Community Health Centers, Critical Access Hospitals, and the acute care safety net providers in the state were some of the program’s strong supporters. They understood that a successful insurance program that could better serve the financial circumstances of rural West Virginia’s small employers could reduce their costs of uncompensated care, and also measurably improve the ability of their friends and neighbors (their communities’ uninsured small business employees) to access needed primary and preventive care before it escalated into more acute care needs. This is one of the evaluation outcomes of the product that will be fully explored.


21. Your marketing campaign was rolled out in July 2005. Has this outreach had an impact on enrollment?

The mass media portion of the marketing campaign has had a marked impact on the numbers of inquiries received on the Small Business Plan’s Web site, as well as the number of phone inquiries received at the toll-free consumer inquiry division of the WV Insurance Commission. The specific numbers are: for the period between December 2004 and June 26, 2005—1,234 Web hits and 202 calls; for the period between June 26, 2005, and September 22, 2005—3,810 Web hits and 356 calls.

All inquiries are forwarded to agents of the participating carrier. The benefits and costs of the coverage plan and the selling ability of the agent determine actual sales.

Inquiries that go directly to local agents or to the Mountain State Blue Cross and Blue Shield office are not tracked.

22. What was unique to your marketing strategy that helped get the message out?

The overall marketing campaign is designed to drive inquiries to agents representing the carrier(s) that elect to offer the coverage. The message is to let small-business owners know that a new, lower cost option is available and that local agents are the source of further information.

The campaign has several phases:

1. Education of the local agents, generating an enthusiasm among them to sell the Plan, and providing them the Plan’s professionally designed sales materials. This was done through a series of statewide agent workshops held in November 2004, which featured a national expert on the small business market and provided Continuing Education credits to meet their certification requirements. Agents continue to receive a periodic newsletter about the Small Business Plan.

2. Launch of a statewide multi-media blitz on June 25, which runs for six weeks to six months, depending on the vehicle. Radio, billboard, TV, collegiate sports sponsorships, Web ads and print ads are carrying the message that the Small Business Plan is “Open for Business,” with more affordable premiums. The Governor of West Virginia is the advertising spokesperson. It is this phase that is pushing a marked increase in the numbers of inquiries.

3. Emphasize all avenues of “free” promotion via print articles broadcast interviews, promos on related Web sites, and presentations to civic and business organizations. Paid media will be more limited during this phase, likely concentrating on collegiate sports sponsorships.

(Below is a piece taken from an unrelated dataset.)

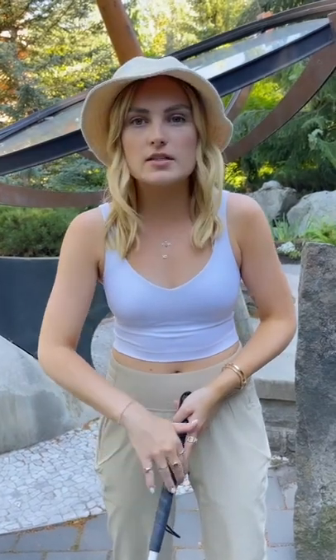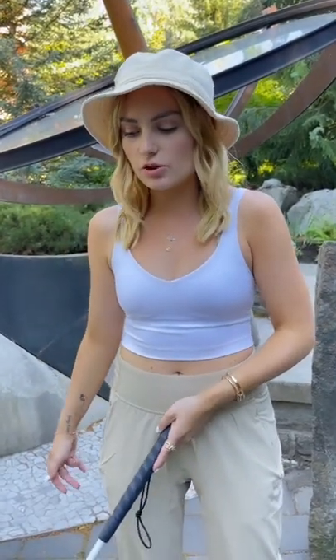Your pointer finger goes long ways along the flat edge and you go back and forth. Opposite swing to opposite foot — that way you know when you take the next step with the next foot, nothing's in your way. And there you have it.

4. Prepare local insurance agents for the conclusion of grant-funded promotions. They will understand the future direction and management of the Plan as well as receive adequate sales materials to use with potential clients.

The uniqueness of the Small Business Plan marketing campaign is its flow, beginning with creating understanding and support at the local agents levels, and then building to create an awareness among the statewide small-business community with the mass media campaign and the promotional activities. The marketing concludes by preparing local agents to take over the sales of the Small Business Plan with the same commitment as other health insurance coverage.